Article / 04 Jun, 2018
Renewable Power Accounted for 70% of New Power in 2017, but Urgent Action Required in Heating, Cooling and Transport

UN Climate News, 4 May 2018 -  Renewable energy accounted for 70% of new global power generating capacity in 2017, the largest increase in renewable power capacity in modern history, according to REN21’s Renewables 2018 Global Status Report (GSR) published today.

It is meanwhile abundantly clear to most people that massively and rapidly scaling up renewable electricity is crucial to meet the central goals of the Paris Climate Change Agreement, which is to hold the global average rise as close as possible to 1.5 degrees Celsius.

However, as the new report points out, the entire power sector and specifically the heating, cooling and transport sectors, must also be transformed for a world to a stand a chance of meeting the Paris goals.

“We may be racing down the pathway towards a 100% renewable electricity future, but when it comes to heating, cooling and transport, we are coasting along as if we had all the time in the world. Sadly, we don’t.”, said Rana Adib, Executive Secretary of REN21.

The fact is that the heating and cooling sectors have seen little change in renewables uptake over recent years. Modern renewable energy supplied about 10% of total global heat production in 2015. National targets for renewable energy in heating and cooling exist in only 48 countries around the world, whereas 146 countries have targets for renewable energy in the power sector.

To achieve 1.5 degrees C, the heating, cooling and transport sectors, which together account for about four-fifths of global energy demand, will need to follow the same path as the power sector – and fast.

Adequate Policy Frameworks are Crucial for Rapid Deployment of Clean Energy

For these sectors to change, the right policy frameworks need to be put in place to drive innovation and the development of new technology.

Arthouros Zervos, REN21 Chair, said: “To make the energy transition happen there needs to be political leadership by governments – for example by ending subsidies for fossil fuels and nuclear, investing in the necessary infrastructure, and establishing hard targets and policy for heating, cooling and transport. Without this leadership, it will be difficult for the world to meet climate or sustainable development commitments.”

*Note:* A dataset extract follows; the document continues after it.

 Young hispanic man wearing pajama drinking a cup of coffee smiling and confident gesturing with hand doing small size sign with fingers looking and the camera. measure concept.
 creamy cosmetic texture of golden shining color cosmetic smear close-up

Small changes are under way. In India, for example, installations of solar thermal collectors rose approximately 25% in 2017 as compared to 2016. China aims to have 2% of the cooling loads of its buildings come from solar thermal energy by 2020.

With 1.2 million electric passenger cars sold in 2017, the transport sector increases its level of electrification and offers new possibilities for renewable energy uptake. Still, the industry has a long way to improve since only 42 countries have national targets for the use of renewable energy in transport.

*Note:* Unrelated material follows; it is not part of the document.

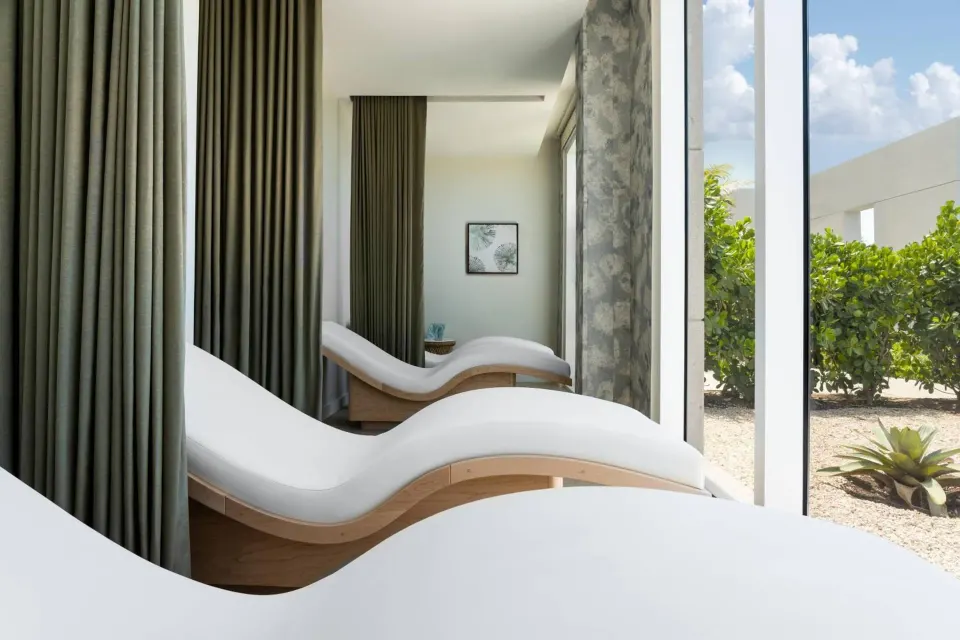 Curved spa loungers face garden windows at The Ritz-Carlton, Turks & Caicos.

Investment added 178 GW of renewable power generation capacity in 2017 which was more than twice that of net, new fossil fuel and nuclear power capacity combined.

Thanks to their increasing cost-competitiveness, the share of renewables in the power sector is expected to only continue to rise. New solar photovoltaic capacity grew to a record 98 gigawatts in 2017, while 52 GW of wind power were added globally.

The report says that investment in renewables is regionally concentrated: China, Europe and the United States accounted for nearly 75% of global investment in renewables in 2017. Further, the Marshall Islands, Rwanda and many other developing countries have proportionally (according to gross domestic product) invested as much as or more in renewables than their peers in developed economies.